Ikomia Studio offers a friendly UI with the same features as the API.

  • If you haven't started using Ikomia Studio yet, download and install it from this page.

  • For additional guidance on getting started with Ikomia Studio, check out this blog post.

📝 Set algorithm parameters

from ikomia.dataprocess.workflow import Workflow

# Init your workflow
wf = Workflow()

# Add object detection algorithm
detector = wf.add_task(name="infer_mmlab_detection", auto_connect=True)

detector.set_parameters({
        "model_name": "yolox",
        "model_config": "yolox_s_8x8_300e_coco",
        "conf_thres": "0.5",
        "use_custom_model": "False",
        "config_file": "",
        "model_weight_file": "",
        "cuda": "True",
    })

# Run the workflow on image
wf.run_on(url="https://raw.githubusercontent.com/Ikomia-hub/infer_mmlab_detection/main/images/work.jpg")
  • model_name (str, default="yolox"): model name.
  • model_config (str, default="yolox_s_8x8_300e_coco"): name of the model configuration file.
  • conf_thres (float, default=0.5): object detection confidence.
  • use_custom_model (bool, default=False): flag to enable the custom train model choice.
  • config_file (str, default=""): path to model config file (only if use_custom_model=True). The file is generated at the end of a custom training. Use algorithm train_mmlab_detection from Ikomia HUB to train custom model.
  • model_weight_file (str, default=""): path to model weights file (.pt) (only if use_custom_model=True). The file is generated at the end of a custom training.
  • cuda (bool, default=True): CUDA acceleration if True, run on CPU otherwise.

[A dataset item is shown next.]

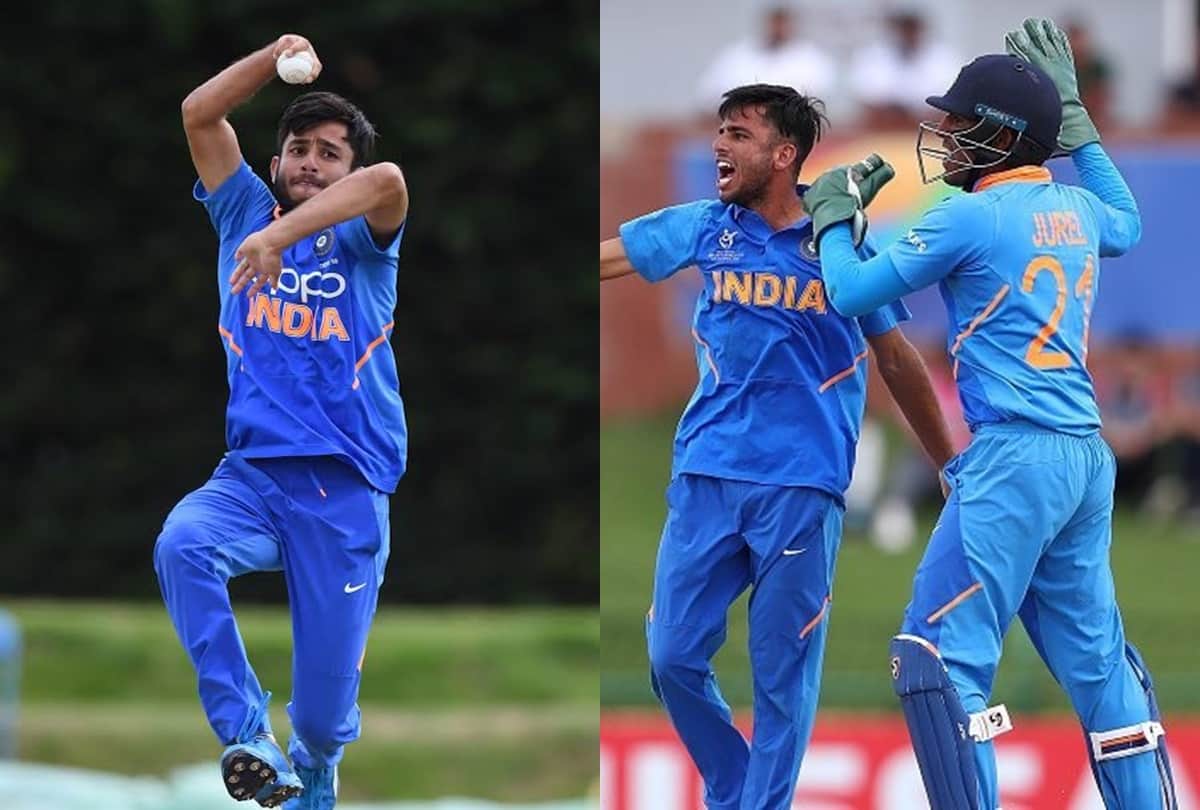 Under 19 world cup: New Anil Kumble of Indian cricket, Success story of Ravi Bishnoi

MMLab framework for object detection and instance segmentation offers a large range of models. To ease the choice of couple (model_name/model_config), you can call the function get_model_zoo() to get a list of possible values.

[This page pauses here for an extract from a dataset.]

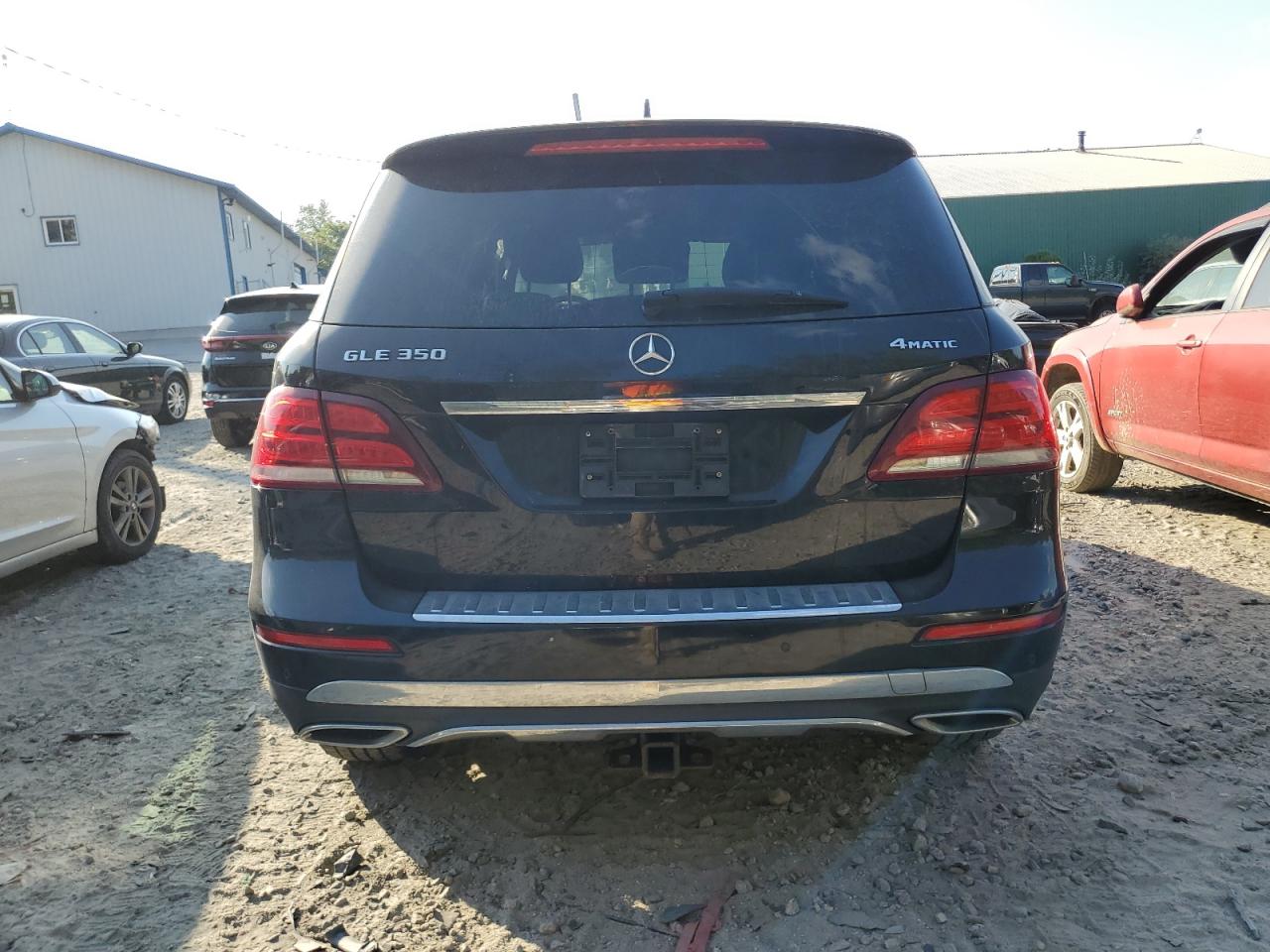 4JGDA5HB3HA983128 2017 Mercedes-Benz Gle 350 4Matic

from ikomia.dataprocess.workflow import Workflow

# Init your workflow
wf = Workflow()

# Add object detection algorithm
detector = wf.add_task(name="infer_mmlab_detection", auto_connect=True)

# Get list of possible models (model_name, model_config)
print(detector.get_model_zoo())

🔍 Explore algorithm outputs

Every algorithm produces specific outputs, yet they can be explored them the same way using the Ikomia API. For a more in-depth understanding of managing algorithm outputs, please refer to the documentation.

from ikomia.dataprocess.workflow import Workflow

# Init your workflow
wf = Workflow()

# Add algorithm
algo = wf.add_task(name="infer_mmlab_detection", auto_connect=True)

# Run the workflow on image
wf.run_on(url="https://raw.githubusercontent.com/Ikomia-hub/infer_mmlab_detection/main/images/work.jpg")

# Iterate over outputs
for output in algo.get_outputs():
    # Print information
    print(output)
    # Export it to JSON
    output.to_json()

MMLab detection algorithm generates 2 outputs:

  1. Forwaded original image (CImageIO)
  2. Object detection output (CObjectDetectionIO) or instance segmentation output (CInstanceSegmentationIO): this output type is set dynamically depending on the model.